Several Western sources said that the suggestion -- contained in an influential Soviet publication and clearly approved at the highest government level -- may be the first public attempt by the Kremlin to exploit strains that have befallen the Saudi-U.S. relationship as a result of the Camp David accords and the Iranian crisis.

The Saudis and other conservative pro-Western Arab governments are reported to be deeply disturbed at the inability of Washington to keep Shah Mohammad Reza Pahlavi in power in Iran.

The article in the weekly Literary Gazette is being treated with intense interest by Western analysts trying to piece together Soviet intentions in the post-shah era in the Persian Gulf. The account, by a Soviet authority on Middle Eastern affairs, comes amid a virulent anti-American propaganda campaign by the Soviets during the Iranian crisis.

The writer, Igor Belyayev, declared: "The Soviet Union and Saudi Arabia have never fought each other and have never had any insoluble conflicts. Their social systems are different, but can that be a basis for mutual hostility?"

He described in positive terms the government of King Khalid and Crown Prince Fahd, asserting, "I think that the strongly exaggerated ideas of the anti-Sovietism of Saudi Arabia are deliberately created by Western European and American journalists."

The Saudis have strongly denied reports of discreet, high-level contacts between Riyadh and Moscow allegedly aimed at improving relations and possibly restoring diplomatic recognition, which lapsed soon after World War II.

The Saudis, with Iran one of the traditional "twin pillars" of American diplomacy that has blocked the Soviets from penetrating the Persian Gulf since World War II, were angered by President Carter's Camp David peace conference.

Belyayev wrote that Prince Fahd has not forgiven Carter's national security adviser, Zbigniew Brzezinski, for failing to tell the Saudis ahead of time about the summit, at which Carter mediated between Egyptian President Anwar Sadat and Israeli Prime Minister Menachem Begin.

He asserted that Saudi Arabia backed "a positive program" to achieve Middle East peace, and suggested Riyadh could be ready now to take a new foreign policy direction out of disillusionment with American attempts. He noted, however, that despite a possible falling out with Washington, the Saudis were avoiding taking a public position directly against the United States.

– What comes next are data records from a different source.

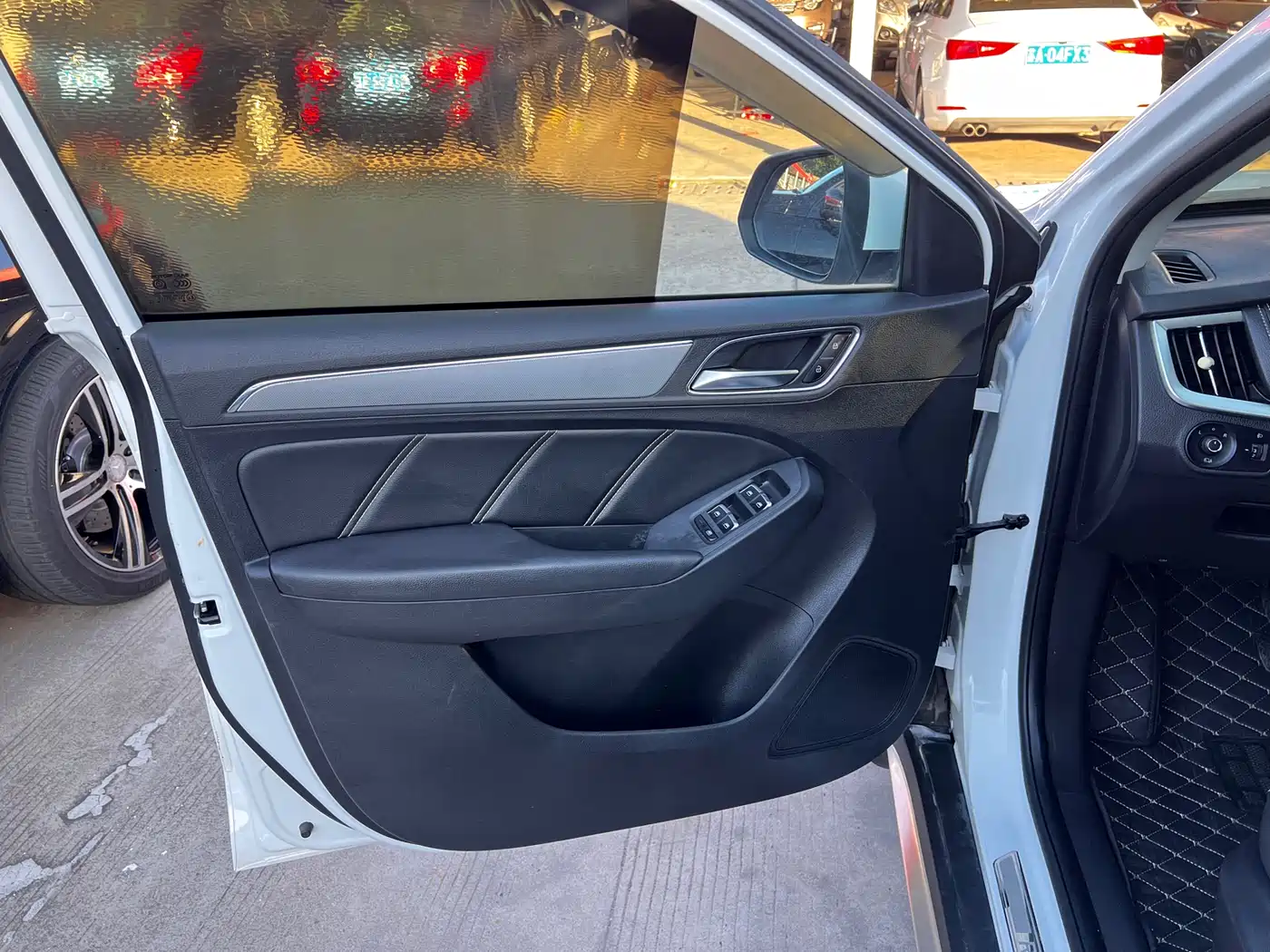 Roewe RX5 2018 2018 20T 2WD Automatic Flagship
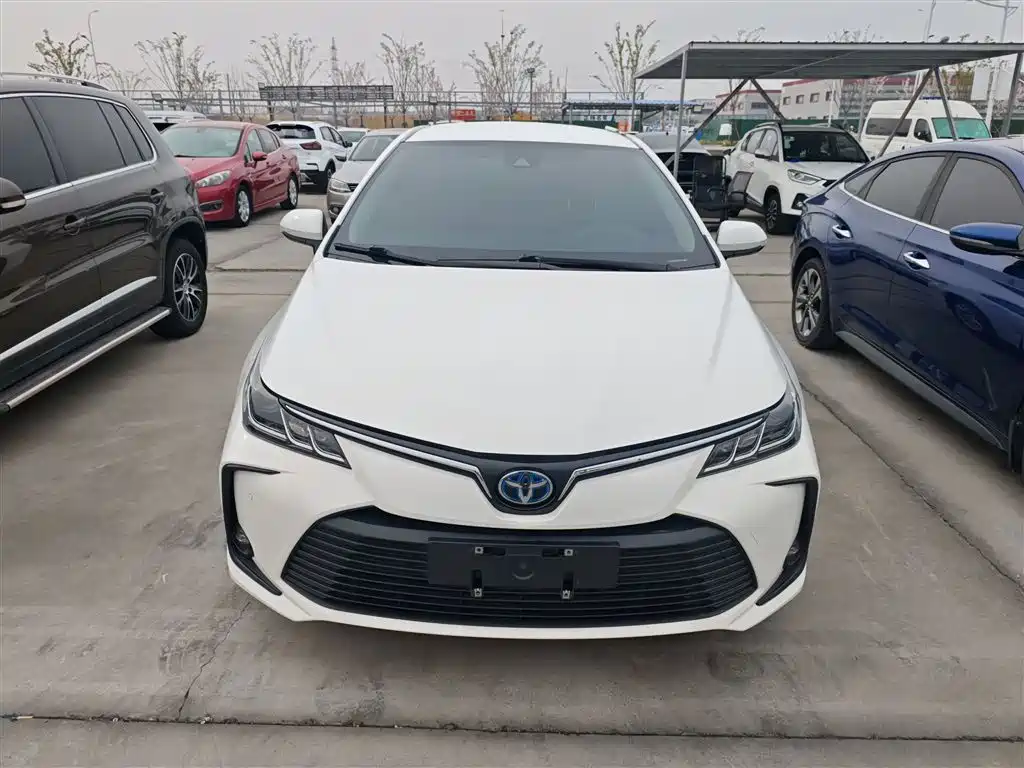 Corolla 2022 Dual Engine 1.8L E-CVT Pioneer Edition купить на сайте DeffCars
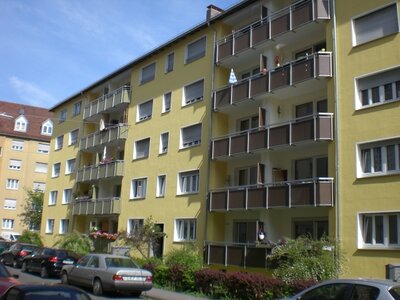 Kleine, charmante 2-Zimmer-Wohnung mit Balkon - Photo 1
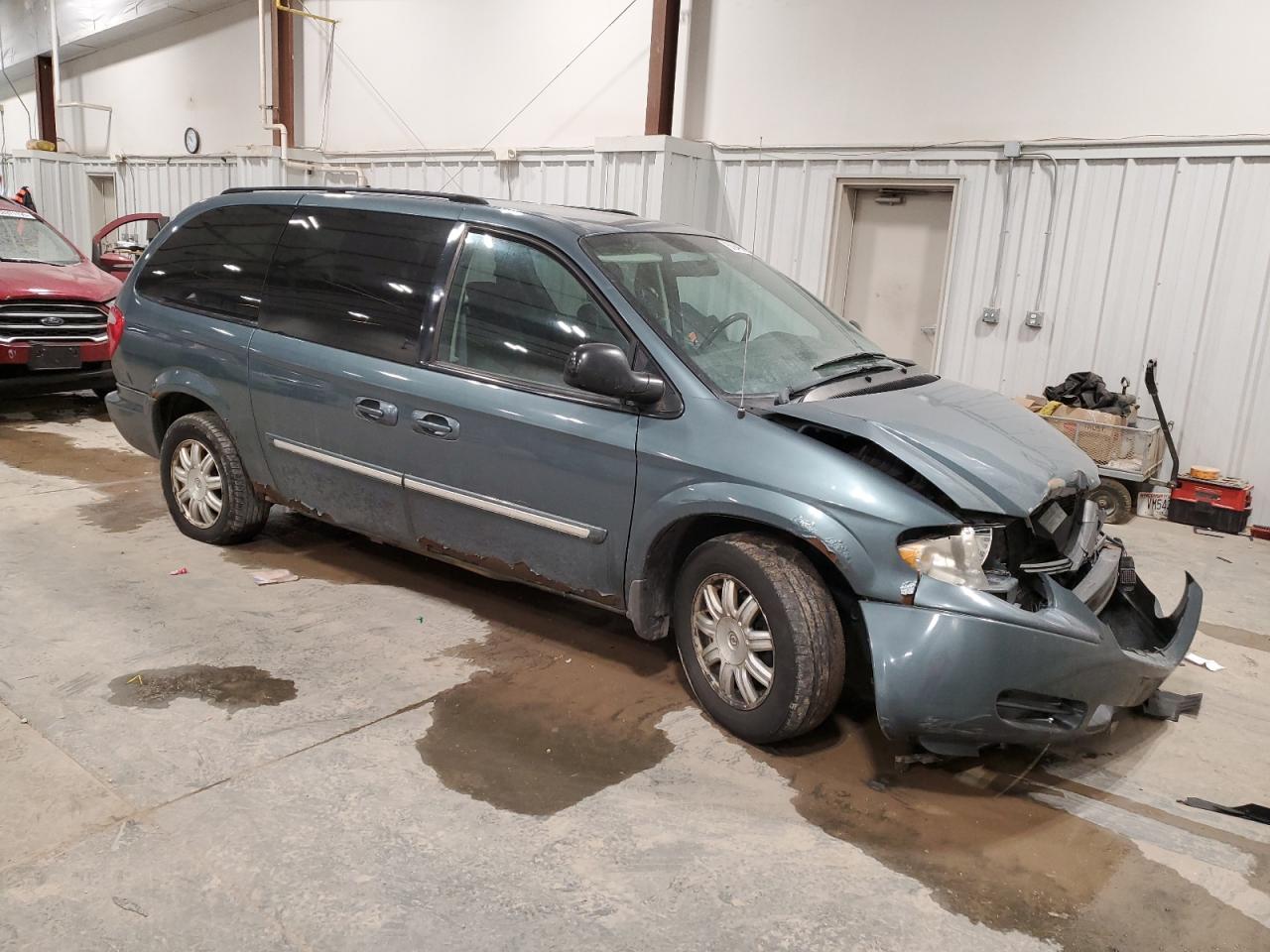 2007 Chrysler Town & Country - Image 4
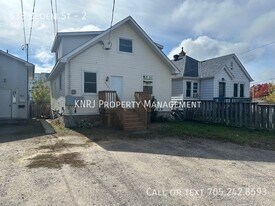 633 Bloem St in North Bay, ON - Building Photo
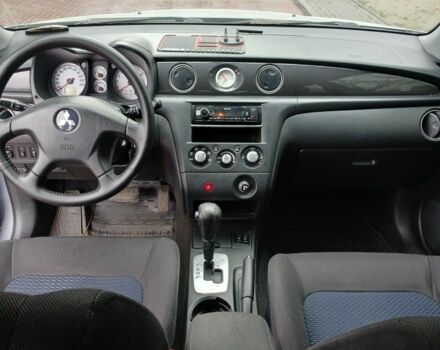 Серый Мицубиси Аутлендер, объемом двигателя 2.4 л и пробегом 300 тыс. км за 5900 $, фото 14 на Automoto.ua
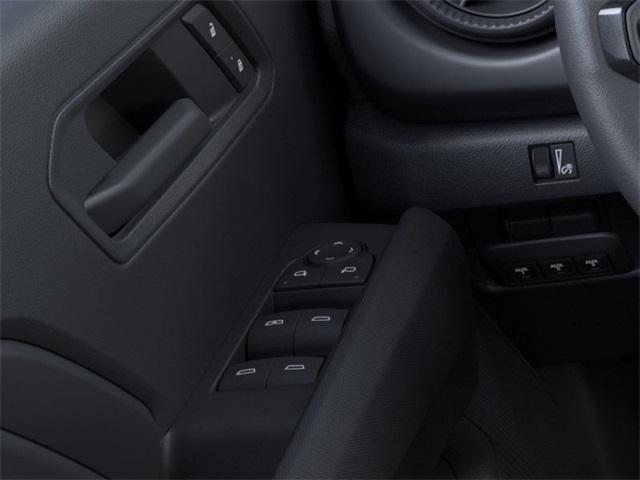 Photo of 2025 Summit White Chevrolet Colorado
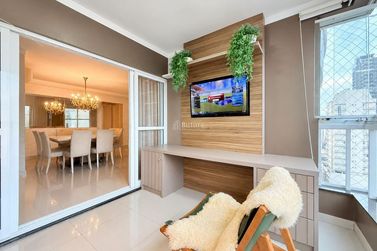 Apartamento &agrave; venda - 121m&sup2; - Meia Praia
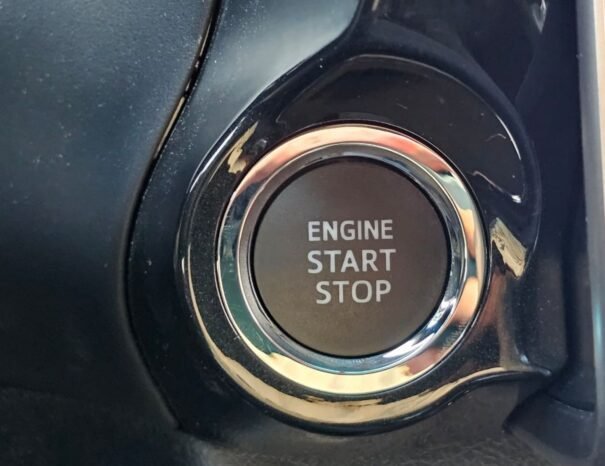 TOYOTA HILUX Image 4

"Meanwhile, a situation has been created that demands urgent decisions," he asserted. "The U.S. and Israel, as well as Sadat, assume that the unification of the Arabs in the struggle for the solution of the most important problems will prove impossible.

"As we see it, a historic choice stands before Saudi Arabia: either defend the interests of the Arabs and together with them its own national interests, or risk too much by continuing to console itself with worn out illusions."

It has been seen here as significant that the Soviets have not publicly commented on the recent flight of advanced U.S. jet fighters into Saudi Arabia as a show of support for the Riyadh government in the face of the turmoil in Iran and the Soviet-inspired anti-American propaganda there.

One of the last significant Soviet Press comments on Saudi policies was in Izvestia, the government daily, last April. That piece called the Saudis "Israel's fellow-traveler... in carrying out U.S. aims," and said Riyadh under King Khalid aimed to turn the Persian Gulf into "a closed Arab lake."

Today's article, however, recalled that the late King Faisal, as crown prince, had visited Moscow officially in 1932 and Belyayev quoted him as saying then that the two nations were tied together "by the strongest links of friendship."

Some Third World diplomatic sources here consider it only a matter of time before Riyadh and Moscow move toward improved relations, regardless of what Saudi official announcements may assert.

With the shah gone and his country no longer the "policeman" of the Persian Gulf bolstering American influence, expanded Soviet influence there is part of the new reality.

Several of these sources are certain the Saudis recognize that and will act in their own interests.